Best Canadian Essays 2019 by Biblioasis

Best Canadian Essays 2019 by Biblioasis

Author:Biblioasis
Language: eng
Format: epub
Publisher: Biblioasis
Published: 2019-11-30T16:00:00+00:00


The High and Lonesome Sound

Robbie Jeffrey

Our rural culture is in trouble. But where is help going to come from?

Mike Hennessy was 10 years old when he jogged his first horse, and it tore flat-out across the farm track so fast he thought his father had pranked him. The speed, the smell of the stables, the thunder of hooves on the track and the mountain air whirling across the northern Rocky plains—Hennessy put his heels along the girth line and breathed it all in. In all its dust and glory, the horse-racing life was his, and he was hooked on the thrill of losing control and the chase of getting it back.

Hennessy, who grew up in Calgary and Airdrie, Alta., became a third-generation harness racer. Alberta has raised some of the world’s best, including Red Pollard, who rode Seabiscuit, and Hennessy’s own legendary father, Rod. Horse racing used to move trains in this province: on race days, the Canadian Pacific Railway ran a locomotive from Calgary to Cochrane, early Alberta’s horse-racing mecca. Into this history came Hennessy in his sulky, assuming his role as its next hero. By his early 20s, he was Alberta’s most promising horse racer. His father once said that in racing you’ve either got all the money in the world or you’ve got nothing. Boom or bust. Hennessy was smashing track records, stacking wins and raking in prize money. It was boom time.

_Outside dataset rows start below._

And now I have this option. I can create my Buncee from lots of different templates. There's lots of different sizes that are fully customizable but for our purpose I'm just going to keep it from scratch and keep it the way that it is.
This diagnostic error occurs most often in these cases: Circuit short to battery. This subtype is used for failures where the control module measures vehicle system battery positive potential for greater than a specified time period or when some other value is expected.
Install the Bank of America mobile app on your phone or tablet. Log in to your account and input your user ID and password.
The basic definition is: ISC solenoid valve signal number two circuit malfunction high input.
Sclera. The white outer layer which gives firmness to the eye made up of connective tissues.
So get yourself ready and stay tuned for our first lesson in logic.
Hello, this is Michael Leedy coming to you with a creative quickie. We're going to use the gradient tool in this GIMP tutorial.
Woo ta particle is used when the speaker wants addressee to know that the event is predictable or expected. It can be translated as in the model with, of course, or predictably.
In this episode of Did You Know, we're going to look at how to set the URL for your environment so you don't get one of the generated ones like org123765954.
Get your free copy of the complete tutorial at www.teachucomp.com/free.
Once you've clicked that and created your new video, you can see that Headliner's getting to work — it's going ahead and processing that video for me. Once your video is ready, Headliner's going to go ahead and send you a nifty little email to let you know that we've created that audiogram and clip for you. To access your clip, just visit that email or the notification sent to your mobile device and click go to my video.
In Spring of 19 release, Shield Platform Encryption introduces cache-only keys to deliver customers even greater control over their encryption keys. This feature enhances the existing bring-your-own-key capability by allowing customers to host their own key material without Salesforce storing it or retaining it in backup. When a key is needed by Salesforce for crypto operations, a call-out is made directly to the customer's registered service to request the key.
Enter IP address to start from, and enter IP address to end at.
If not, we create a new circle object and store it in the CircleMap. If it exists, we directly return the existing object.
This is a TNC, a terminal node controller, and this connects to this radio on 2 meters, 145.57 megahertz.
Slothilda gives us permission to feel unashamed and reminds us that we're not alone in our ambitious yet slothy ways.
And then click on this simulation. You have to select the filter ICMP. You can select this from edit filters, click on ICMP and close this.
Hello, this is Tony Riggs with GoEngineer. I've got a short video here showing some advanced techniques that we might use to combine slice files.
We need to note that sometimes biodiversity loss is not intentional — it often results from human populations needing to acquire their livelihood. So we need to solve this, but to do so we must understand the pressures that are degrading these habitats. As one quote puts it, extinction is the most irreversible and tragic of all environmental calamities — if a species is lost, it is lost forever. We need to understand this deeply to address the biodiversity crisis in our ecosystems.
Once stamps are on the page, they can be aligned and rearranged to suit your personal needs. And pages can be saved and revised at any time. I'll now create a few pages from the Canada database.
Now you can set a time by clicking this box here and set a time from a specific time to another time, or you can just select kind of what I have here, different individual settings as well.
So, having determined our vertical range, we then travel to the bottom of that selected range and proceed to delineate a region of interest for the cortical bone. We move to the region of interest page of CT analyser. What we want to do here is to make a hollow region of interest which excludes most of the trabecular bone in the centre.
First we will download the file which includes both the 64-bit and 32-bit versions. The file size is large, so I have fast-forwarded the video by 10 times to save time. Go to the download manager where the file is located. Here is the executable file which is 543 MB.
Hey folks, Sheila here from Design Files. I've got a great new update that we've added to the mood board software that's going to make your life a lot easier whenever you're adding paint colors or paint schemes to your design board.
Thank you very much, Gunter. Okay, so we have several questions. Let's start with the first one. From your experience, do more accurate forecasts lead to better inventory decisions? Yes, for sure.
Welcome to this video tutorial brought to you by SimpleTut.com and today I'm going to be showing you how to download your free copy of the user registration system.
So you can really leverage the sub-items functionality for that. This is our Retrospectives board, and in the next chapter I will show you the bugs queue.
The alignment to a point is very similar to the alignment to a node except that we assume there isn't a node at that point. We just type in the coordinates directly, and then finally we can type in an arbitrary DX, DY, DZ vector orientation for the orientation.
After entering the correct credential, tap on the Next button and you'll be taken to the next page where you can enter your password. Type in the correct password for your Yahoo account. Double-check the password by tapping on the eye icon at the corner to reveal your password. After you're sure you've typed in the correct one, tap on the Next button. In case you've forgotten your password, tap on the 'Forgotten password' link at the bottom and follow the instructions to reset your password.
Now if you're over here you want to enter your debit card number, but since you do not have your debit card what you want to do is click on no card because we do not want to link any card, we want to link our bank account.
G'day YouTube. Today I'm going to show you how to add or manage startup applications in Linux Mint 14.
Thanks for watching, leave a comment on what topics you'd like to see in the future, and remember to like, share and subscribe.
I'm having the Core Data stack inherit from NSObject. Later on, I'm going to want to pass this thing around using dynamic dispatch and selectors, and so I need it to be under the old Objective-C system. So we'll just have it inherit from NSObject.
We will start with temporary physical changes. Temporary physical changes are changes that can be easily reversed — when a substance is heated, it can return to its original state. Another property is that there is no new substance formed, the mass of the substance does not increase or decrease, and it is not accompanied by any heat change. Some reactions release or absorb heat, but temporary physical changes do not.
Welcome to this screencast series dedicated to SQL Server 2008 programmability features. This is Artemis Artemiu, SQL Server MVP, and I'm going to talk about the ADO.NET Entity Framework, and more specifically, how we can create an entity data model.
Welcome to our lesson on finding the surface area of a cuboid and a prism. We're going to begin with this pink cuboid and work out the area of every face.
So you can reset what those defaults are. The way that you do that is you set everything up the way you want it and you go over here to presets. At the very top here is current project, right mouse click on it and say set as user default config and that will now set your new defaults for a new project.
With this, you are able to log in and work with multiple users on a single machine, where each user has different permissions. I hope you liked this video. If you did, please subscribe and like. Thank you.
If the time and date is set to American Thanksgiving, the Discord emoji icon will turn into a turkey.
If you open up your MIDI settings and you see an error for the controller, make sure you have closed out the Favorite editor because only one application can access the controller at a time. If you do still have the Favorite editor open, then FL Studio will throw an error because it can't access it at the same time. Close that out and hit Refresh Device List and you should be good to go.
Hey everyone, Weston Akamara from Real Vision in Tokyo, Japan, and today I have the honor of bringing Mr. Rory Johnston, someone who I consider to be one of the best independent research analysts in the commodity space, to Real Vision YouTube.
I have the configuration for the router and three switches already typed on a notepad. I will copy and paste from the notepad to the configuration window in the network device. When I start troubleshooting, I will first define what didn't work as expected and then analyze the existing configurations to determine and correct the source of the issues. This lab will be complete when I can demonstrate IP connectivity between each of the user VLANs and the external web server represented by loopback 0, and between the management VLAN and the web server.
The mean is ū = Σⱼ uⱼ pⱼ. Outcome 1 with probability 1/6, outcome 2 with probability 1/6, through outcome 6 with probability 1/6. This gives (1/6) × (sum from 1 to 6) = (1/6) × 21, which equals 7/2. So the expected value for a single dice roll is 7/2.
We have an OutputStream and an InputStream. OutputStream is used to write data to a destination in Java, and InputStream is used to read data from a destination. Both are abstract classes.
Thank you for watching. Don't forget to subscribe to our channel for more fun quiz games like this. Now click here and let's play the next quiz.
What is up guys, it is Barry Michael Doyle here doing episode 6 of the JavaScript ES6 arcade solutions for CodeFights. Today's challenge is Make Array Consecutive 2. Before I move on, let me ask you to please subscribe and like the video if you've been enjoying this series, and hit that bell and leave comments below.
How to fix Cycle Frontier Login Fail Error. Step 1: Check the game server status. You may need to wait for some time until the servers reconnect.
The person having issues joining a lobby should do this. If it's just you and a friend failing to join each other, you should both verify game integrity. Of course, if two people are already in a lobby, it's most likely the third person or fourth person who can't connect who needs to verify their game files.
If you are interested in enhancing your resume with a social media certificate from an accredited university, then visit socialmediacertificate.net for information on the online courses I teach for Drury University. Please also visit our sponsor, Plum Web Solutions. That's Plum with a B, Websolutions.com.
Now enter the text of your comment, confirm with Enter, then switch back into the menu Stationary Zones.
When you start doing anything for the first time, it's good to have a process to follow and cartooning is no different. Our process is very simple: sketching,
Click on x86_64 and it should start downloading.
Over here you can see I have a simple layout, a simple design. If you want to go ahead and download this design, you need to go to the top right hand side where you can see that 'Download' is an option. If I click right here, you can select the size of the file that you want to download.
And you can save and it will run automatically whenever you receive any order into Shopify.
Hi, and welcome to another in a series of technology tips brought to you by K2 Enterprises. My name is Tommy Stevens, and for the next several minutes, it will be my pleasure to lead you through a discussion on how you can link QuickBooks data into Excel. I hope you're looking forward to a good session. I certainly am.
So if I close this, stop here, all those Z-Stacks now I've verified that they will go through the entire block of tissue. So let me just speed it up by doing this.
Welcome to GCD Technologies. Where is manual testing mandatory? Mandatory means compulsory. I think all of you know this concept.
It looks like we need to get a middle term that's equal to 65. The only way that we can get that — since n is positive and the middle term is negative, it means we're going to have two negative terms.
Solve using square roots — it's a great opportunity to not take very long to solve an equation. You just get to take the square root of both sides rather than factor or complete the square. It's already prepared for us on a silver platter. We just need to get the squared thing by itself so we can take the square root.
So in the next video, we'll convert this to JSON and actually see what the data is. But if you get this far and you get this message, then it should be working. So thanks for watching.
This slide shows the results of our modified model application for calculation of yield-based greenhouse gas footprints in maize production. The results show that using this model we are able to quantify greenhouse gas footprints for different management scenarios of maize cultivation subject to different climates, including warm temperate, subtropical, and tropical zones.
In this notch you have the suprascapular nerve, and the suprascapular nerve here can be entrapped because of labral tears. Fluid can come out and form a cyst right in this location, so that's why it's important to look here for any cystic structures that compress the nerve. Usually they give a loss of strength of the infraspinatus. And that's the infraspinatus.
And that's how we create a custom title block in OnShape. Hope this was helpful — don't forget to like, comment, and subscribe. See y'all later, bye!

Drugs were always around. “The horse-racing community isn’t exactly spiritually fit,” he told me. “The saying is, ‘Win or lose, you drink the booze.’” After alcohol he moved on to cocaine. Then, in 2004, he broke his heel and the arch in his left foot collapsed, and his doctor wrote him a prescription for OxyContin. He began using small, “manageable” amounts, and it helped him quit drinking. Then his use became more frequent and eventually he was racing high. OxyContin led to heroin. “Maybe people knew,” he said. “But if you’re doing well on the track, people believe what they want to believe.” Until you get caught, that is. One day, the race track drug-tested him, and when they got the results they told him not to come back for a month. Hennessy sold two horses he was raising and took a 45-day vacation full of the drugs that had got him there. He wound up on the West Coast.

In Vancouver, Hennessy found that heroin was cheap on the streets, until he needed so much that it broke him. He detoxed a couple times, but always came back to drugs. The recovery house he was living in eventually caught him using and kicked him out, and he ended up at the city’s infamous Whalley Strip, turning to crime to fund his addiction. He had moments of realization that he was choosing drugs over racing. “But when I was at those depths, people weren’t talking to me, they were talking to my disease—and it was talking to them.”

At the bottom, he went to jail, got out, and then landed back in for breaching bail conditions.